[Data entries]
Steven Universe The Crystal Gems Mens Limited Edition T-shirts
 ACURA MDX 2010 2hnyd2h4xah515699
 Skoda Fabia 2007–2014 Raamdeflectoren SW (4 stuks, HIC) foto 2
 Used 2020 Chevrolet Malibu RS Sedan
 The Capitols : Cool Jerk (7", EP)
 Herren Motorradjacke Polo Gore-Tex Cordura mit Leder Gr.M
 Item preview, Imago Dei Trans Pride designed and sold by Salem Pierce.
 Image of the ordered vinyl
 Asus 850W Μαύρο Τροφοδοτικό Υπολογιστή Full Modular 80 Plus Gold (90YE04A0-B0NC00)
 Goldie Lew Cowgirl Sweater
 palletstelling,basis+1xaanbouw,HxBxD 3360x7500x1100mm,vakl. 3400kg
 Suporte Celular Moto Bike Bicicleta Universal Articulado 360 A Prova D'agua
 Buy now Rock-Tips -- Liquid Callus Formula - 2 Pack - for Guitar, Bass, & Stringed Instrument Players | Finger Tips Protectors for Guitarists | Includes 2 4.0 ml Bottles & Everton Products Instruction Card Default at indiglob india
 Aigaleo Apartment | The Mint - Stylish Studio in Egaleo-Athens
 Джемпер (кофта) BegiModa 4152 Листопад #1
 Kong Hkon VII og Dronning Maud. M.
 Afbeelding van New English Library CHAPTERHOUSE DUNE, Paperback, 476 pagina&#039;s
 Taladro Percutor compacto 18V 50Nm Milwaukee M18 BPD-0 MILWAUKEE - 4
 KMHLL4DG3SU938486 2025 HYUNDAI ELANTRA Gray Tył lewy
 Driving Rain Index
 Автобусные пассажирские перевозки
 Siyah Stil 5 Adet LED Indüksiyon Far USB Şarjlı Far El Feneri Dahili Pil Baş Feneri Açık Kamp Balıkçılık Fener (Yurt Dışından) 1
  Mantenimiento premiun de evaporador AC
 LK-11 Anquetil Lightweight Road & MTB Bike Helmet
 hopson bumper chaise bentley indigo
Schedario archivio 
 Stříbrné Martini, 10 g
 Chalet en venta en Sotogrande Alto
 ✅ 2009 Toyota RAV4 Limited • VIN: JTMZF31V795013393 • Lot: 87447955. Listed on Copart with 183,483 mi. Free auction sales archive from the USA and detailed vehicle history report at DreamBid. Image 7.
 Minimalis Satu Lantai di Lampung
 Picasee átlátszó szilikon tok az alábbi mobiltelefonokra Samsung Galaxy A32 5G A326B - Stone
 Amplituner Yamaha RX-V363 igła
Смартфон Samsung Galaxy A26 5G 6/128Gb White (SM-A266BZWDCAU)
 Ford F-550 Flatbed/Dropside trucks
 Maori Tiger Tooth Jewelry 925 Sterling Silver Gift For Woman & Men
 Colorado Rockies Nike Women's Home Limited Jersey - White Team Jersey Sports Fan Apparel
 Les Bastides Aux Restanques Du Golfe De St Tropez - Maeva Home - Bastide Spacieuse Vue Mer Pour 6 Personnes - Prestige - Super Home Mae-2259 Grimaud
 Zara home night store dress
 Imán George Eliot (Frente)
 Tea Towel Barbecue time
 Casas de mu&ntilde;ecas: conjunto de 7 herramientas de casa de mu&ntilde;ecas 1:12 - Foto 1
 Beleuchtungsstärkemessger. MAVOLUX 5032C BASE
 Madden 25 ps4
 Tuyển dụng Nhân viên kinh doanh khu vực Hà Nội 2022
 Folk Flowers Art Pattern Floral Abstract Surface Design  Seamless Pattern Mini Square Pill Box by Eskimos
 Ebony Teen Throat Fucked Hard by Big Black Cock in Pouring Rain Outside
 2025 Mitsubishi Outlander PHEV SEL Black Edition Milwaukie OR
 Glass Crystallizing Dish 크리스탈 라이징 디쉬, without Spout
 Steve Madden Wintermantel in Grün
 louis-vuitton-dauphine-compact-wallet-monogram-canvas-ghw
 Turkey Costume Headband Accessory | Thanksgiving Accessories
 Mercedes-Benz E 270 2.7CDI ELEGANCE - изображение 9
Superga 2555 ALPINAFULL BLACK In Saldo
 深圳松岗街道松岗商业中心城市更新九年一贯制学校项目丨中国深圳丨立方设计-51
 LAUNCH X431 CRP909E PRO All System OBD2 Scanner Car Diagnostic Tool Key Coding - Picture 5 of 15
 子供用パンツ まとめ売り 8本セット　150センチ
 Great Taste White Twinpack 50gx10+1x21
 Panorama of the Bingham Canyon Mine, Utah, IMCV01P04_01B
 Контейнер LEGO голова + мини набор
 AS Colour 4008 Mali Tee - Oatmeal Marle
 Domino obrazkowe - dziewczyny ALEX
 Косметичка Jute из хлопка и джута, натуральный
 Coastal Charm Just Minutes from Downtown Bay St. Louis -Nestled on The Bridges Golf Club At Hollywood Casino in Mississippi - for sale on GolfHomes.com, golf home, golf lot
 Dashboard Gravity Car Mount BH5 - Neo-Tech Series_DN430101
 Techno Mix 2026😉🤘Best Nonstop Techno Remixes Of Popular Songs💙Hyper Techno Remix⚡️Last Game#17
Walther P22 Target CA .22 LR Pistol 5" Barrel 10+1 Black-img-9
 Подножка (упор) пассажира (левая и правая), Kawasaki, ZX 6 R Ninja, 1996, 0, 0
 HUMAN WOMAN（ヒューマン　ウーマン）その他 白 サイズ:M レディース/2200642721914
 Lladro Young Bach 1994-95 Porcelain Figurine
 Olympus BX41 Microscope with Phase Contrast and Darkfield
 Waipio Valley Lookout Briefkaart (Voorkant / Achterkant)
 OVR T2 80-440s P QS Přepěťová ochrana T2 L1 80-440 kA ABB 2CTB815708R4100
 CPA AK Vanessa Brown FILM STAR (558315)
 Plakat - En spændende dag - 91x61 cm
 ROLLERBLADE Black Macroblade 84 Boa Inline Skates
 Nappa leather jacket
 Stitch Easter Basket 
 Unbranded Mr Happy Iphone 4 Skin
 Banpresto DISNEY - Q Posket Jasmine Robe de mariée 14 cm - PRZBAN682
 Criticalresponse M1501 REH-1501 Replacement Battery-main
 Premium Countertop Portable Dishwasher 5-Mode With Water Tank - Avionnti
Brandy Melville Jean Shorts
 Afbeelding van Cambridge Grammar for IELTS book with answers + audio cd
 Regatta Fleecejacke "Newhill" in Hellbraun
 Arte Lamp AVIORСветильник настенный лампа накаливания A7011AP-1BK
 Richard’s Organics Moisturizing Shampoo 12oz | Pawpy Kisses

**Prompt**
Copy the lines of the data above exactly as written, beginning with the line containing "Косметичка Jute из" and ending with the line containing "Unbranded Mr Happy Iphone 4 Skin", and leave out all other lines.

**Answer section**
 Косметичка Jute из хлопка и джута, натуральный
 Coastal Charm Just Minutes from Downtown Bay St. Louis -Nestled on The Bridges Golf Club At Hollywood Casino in Mississippi - for sale on GolfHomes.com, golf home, golf lot
 Dashboard Gravity Car Mount BH5 - Neo-Tech Series_DN430101
 Techno Mix 2026😉🤘Best Nonstop Techno Remixes Of Popular Songs💙Hyper Techno Remix⚡️Last Game#17
Walther P22 Target CA .22 LR Pistol 5" Barrel 10+1 Black-img-9
 Подножка (упор) пассажира (левая и правая), Kawasaki, ZX 6 R Ninja, 1996, 0, 0
 HUMAN WOMAN（ヒューマン　ウーマン）その他 白 サイズ:M レディース/2200642721914
 Lladro Young Bach 1994-95 Porcelain Figurine
 Olympus BX41 Microscope with Phase Contrast and Darkfield
 Waipio Valley Lookout Briefkaart (Voorkant / Achterkant)
 OVR T2 80-440s P QS Přepěťová ochrana T2 L1 80-440 kA ABB 2CTB815708R4100
 CPA AK Vanessa Brown FILM STAR (558315)
 Plakat - En spændende dag - 91x61 cm
 ROLLERBLADE Black Macroblade 84 Boa Inline Skates
 Nappa leather jacket
 Stitch Easter Basket 
 Unbranded Mr Happy Iphone 4 Skin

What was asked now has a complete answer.